Monthly research note. Theme: Distributed Systems Under Failure.

TL;DR

A focused memo on Transactions: 2PC, 3PC, and Coordinators You Can't Trust: define the model, state the properties, then design the system so those properties remain true under failure and adversaries.

Key insight

Most failures are boundary failures: parsing, persistence, concurrency, retries, and upgrades.

Key takeaways

  • Mixed-version operation is the default; upgrades must preserve invariants.
  • Backpressure and admission control are correctness mechanisms under load.
  • Write the safety property first; liveness is always conditional on timing assumptions.
  • Automate guardrails; humans are for judgment, not for consistent enforcement.
  • Define safety properties before performance goals.

Why this matters

  • Operational simplicity is a security property: fewer modes, fewer surprises.
  • If your protocol isn’t testable under reordering, it isn’t deployable.
  • State compaction and snapshots are where correctness goes to die quietly.
  • Observability must explain protocol state, not just latency.

Key questions

  • What is the failure model (crash, byzantine, partitions, reordering)?
  • What does “read” mean under replication lag?
  • Which safety property is non-negotiable (no double-commit, no forks, no split brain)?
  • How do clients discover leaders safely (and what happens during flaps)?
  • Which components require determinism for reproducibility?
  • What is your reconfiguration model (joint consensus, epochs, leases)?

Assumptions

  • Delays are unbounded during incidents; timeouts are guesses.
  • Nodes restart with partial state unless you prove durability.
  • Workload is skewed: hot keys exist and dominate.
  • Packets can be duplicated and reordered; acks can be lost.

Non-goals

  • Pretending backpressure is an implementation detail.
  • Assuming the network eventually behaves “nicely” under load.
Attack surface

Observability pipelines can be attacked (cardinality explosions, log injection). Protect them.

Model & invariants

A common safety shape for replicated logs:

i: Committed(i)r: Logr[i]=Logleader[i].\forall i:\ \text{Committed}(i)\Rightarrow \forall r:\ \text{Log}_r[i] = \text{Log}_\text{leader}[i].

Write down the safety property first.

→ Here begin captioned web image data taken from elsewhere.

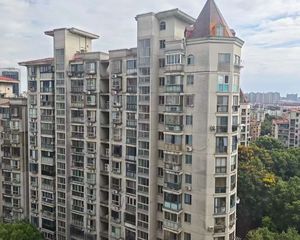 房子位于小区中心位置,电梯高区景观房,一梯两户2005年好房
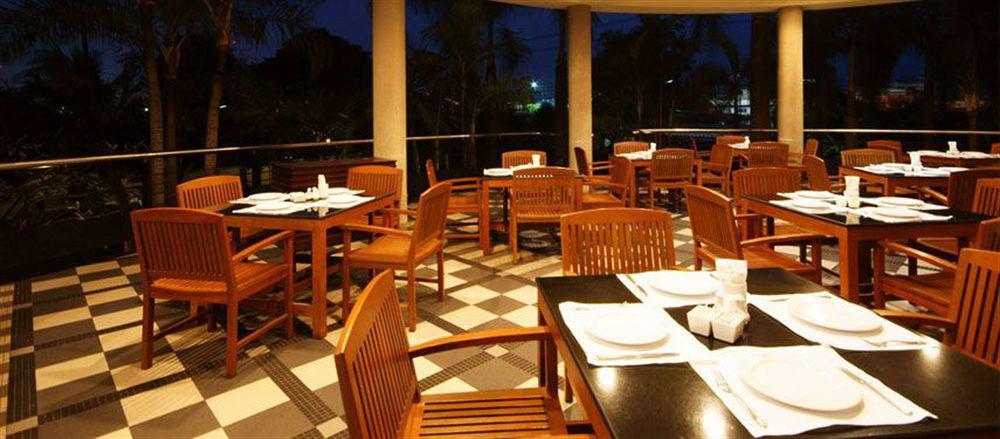 Hotel The Grand Riverside 3*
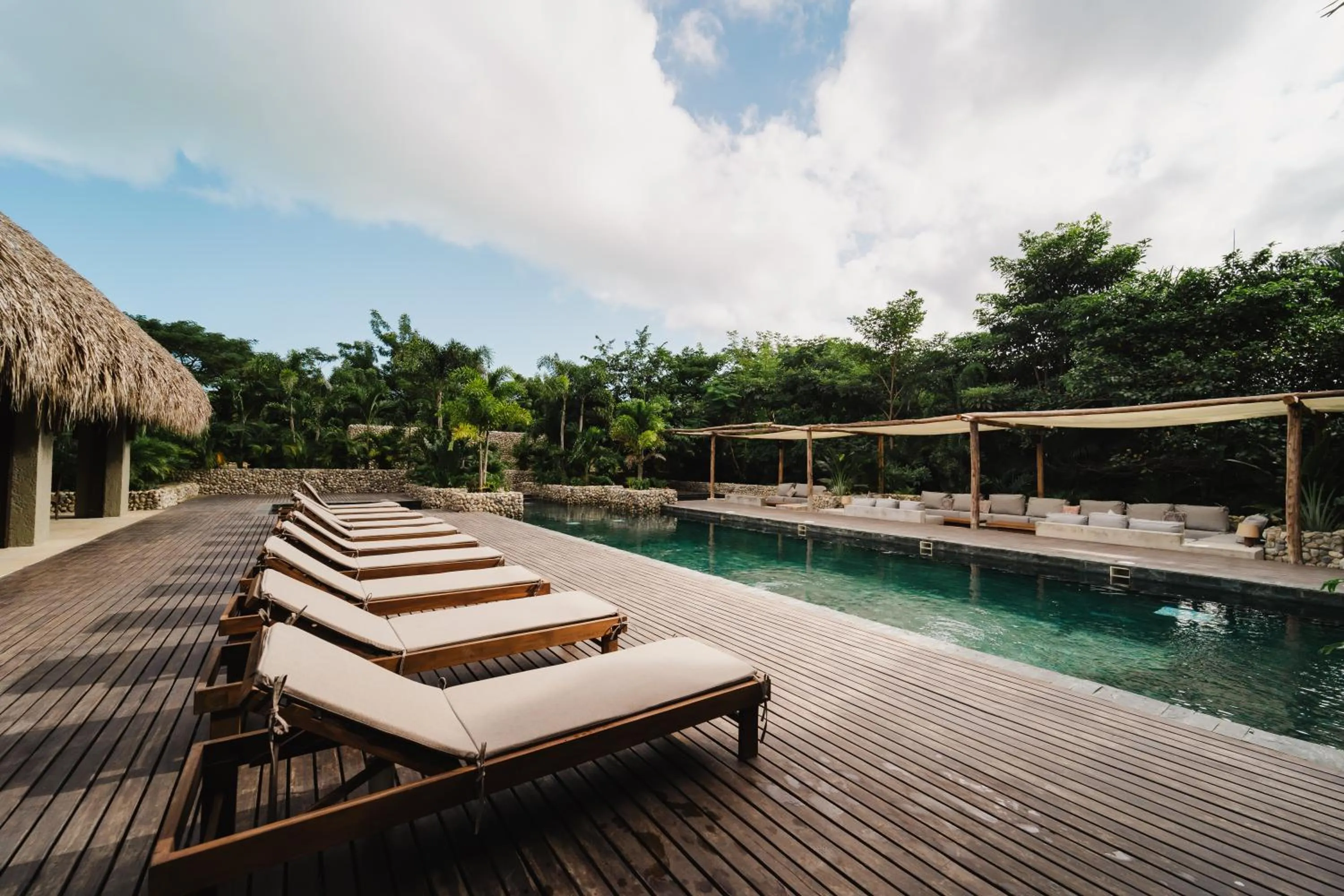 Swimming pool in Naio Hotel y Villas By OxoHotel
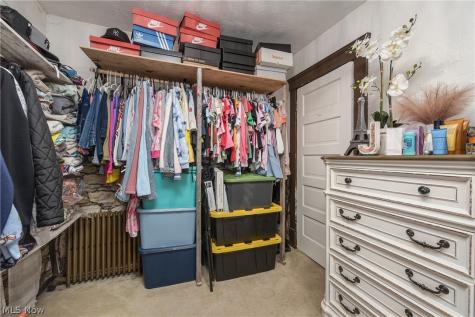 15301 Daniel Avenue Cleveland OH 44110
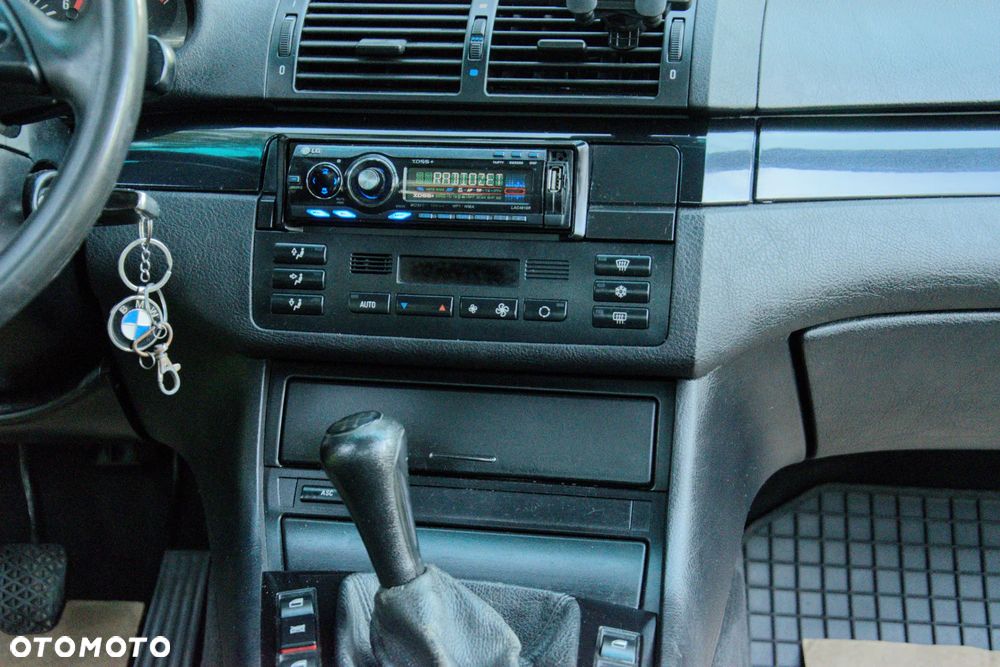 BMW Seria 3 320d - 16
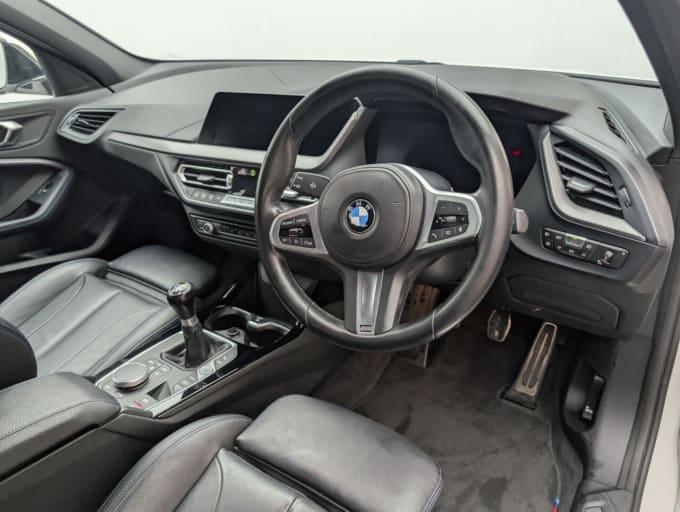 2025 BMW 1 Series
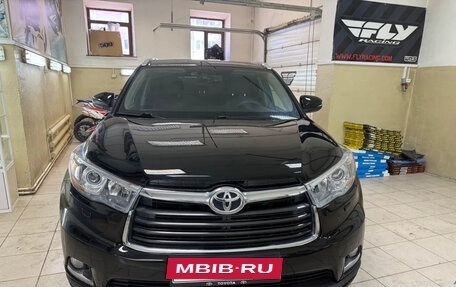 Toyota Highlander III, 2014 год, 2 550 000 рублей, 2 фотография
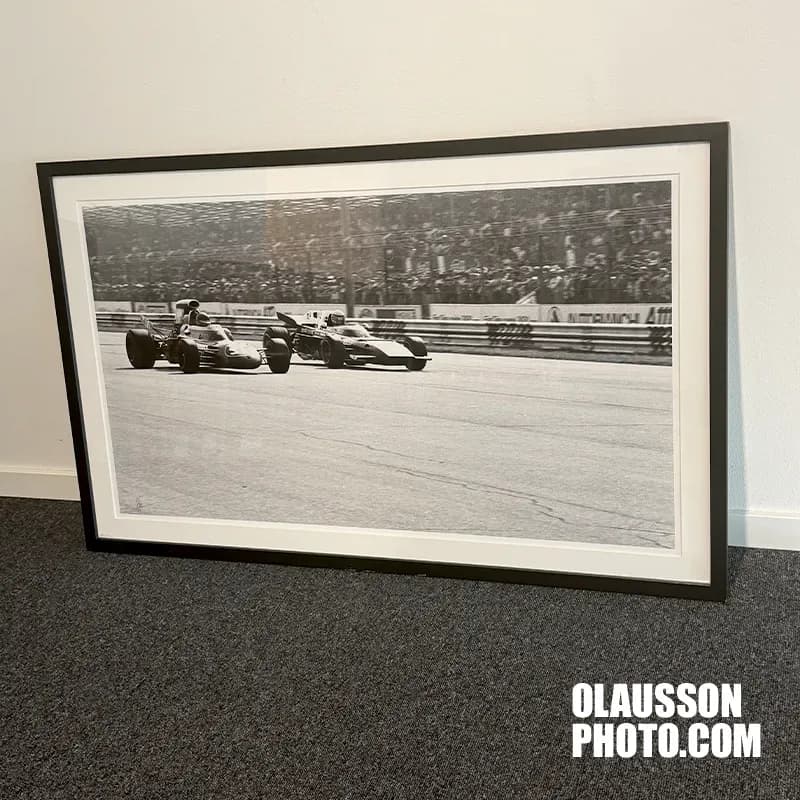 Tavla på Ronnie Peterson i March 711 och Clay Reggazzoni i Ferrari på Monza 1971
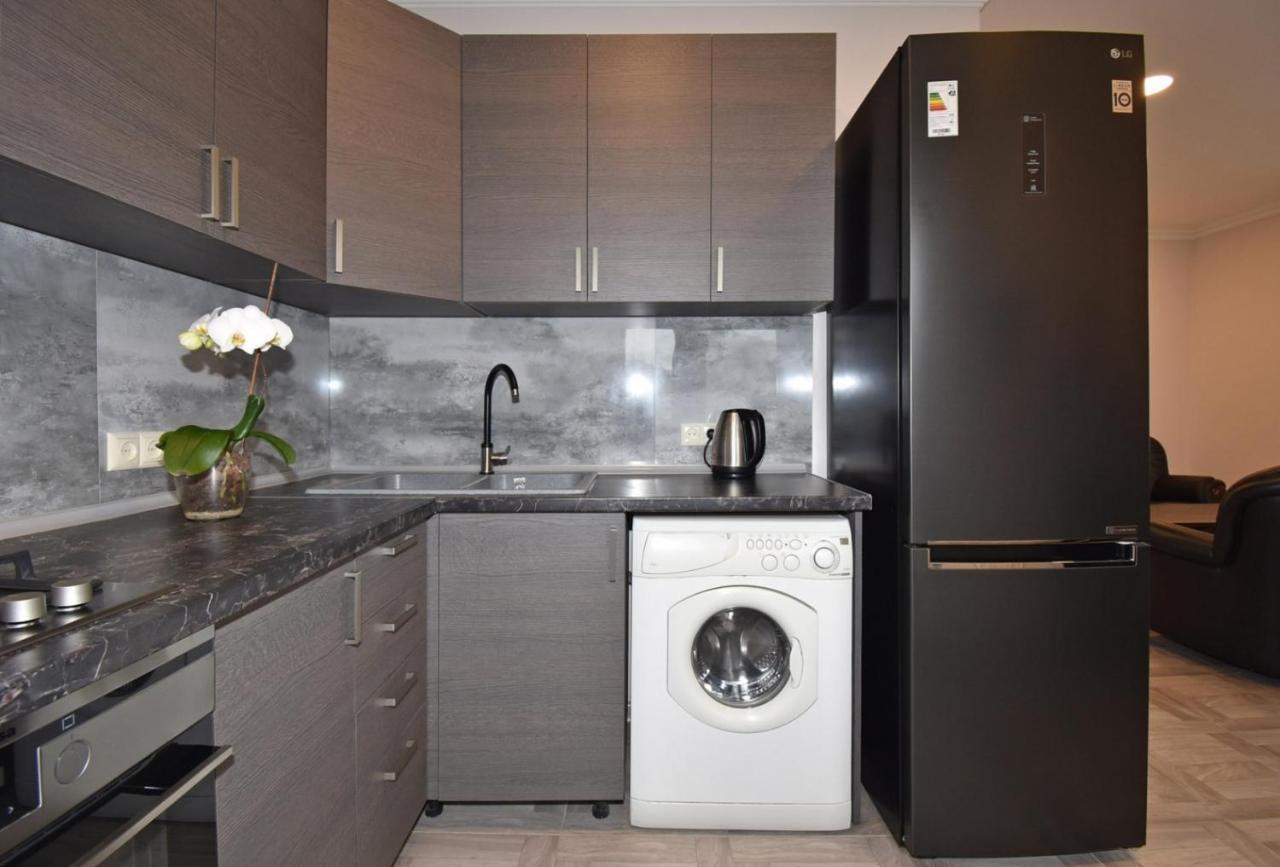 2 Bedroom Apartment, Quiet And Spacious Ереван Экстерьер фото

If it’s not written, it’s not implemented.

Liveness is always conditional: specify when progress is expected and what you do otherwise.

Invariant

Monotonicity beats timestamps: counters and epochs survive clock skew.

Security properties

  • Replay resistance: duplicated inputs do not change outcomes.
  • Authenticity: actions are bound to identity and purpose.
  • Evidence: critical actions emit verifiable audit events.
  • Least authority: privileges are scoped by purpose and time.

Failure modes

  • Mixed-version behavior that violates assumptions silently.
  • Resource exhaustion (CPU/bandwidth/storage) turning into correctness failures.
  • Observability gaps during incidents (missing evidence).
  • Recovery paths that only work when nothing is broken.
Pitfall

Sampling hides the rare schedule that breaks your invariants.

Design sketch

flowchart TD
  client["Client"] --> leader["Leader"]
  leader --> log["Replicated Log"]
  log --> snap["Snapshot"]
  snap --> recover["Recovery / Catch-up"]
  leader --> reconfig["Reconfiguration"]

Implementation notes

Make the state machine explicit; then make persistence and networking boring.

Rule of thumb

Make rollbacks boring: if rollback is a hero move, it will fail.

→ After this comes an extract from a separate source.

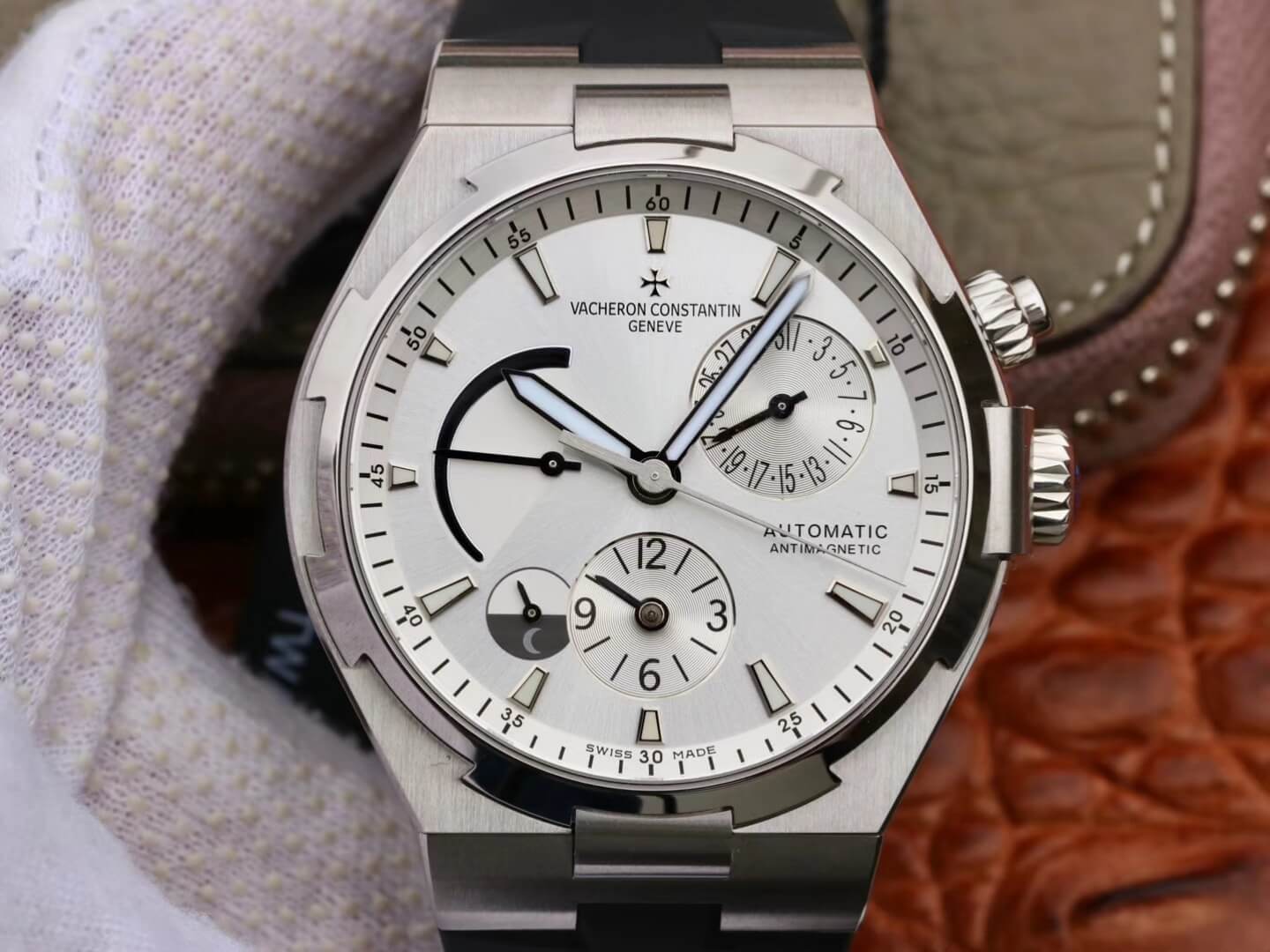 Replica Vacheron C0nstan1n Overseas 47450/B01A-9226 1:1 Best Edition TWA Factory White Dial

Operational invariants to monitor:
- leader_changes_per_minute
- commit_index_monotonic
- snapshot_install_failures
- quorum_acks_latency_p99
- rejected_requests_due_to_admission_control

Verification strategy

  • Model checking the smallest core (timeouts, election, reconfiguration).
  • Jepsen-style fault injection: partitions + reordering + client retries.
  • Upgrade tests: mixed versions and rolling deploy invariants.
  • Stress + skew tests: hot keys, slow disks, noisy neighbors.
  • Linearizability checks for read/write APIs that claim it.

Operational notes

  • Expose protocol state: term/epoch, leader, commit index, config version.
  • Treat compaction and snapshot install as first-class SLOs.
  • Rehearse region failover and reconfiguration under load.
  • Prefer monotonic time sources for leases; alert on clock discontinuities.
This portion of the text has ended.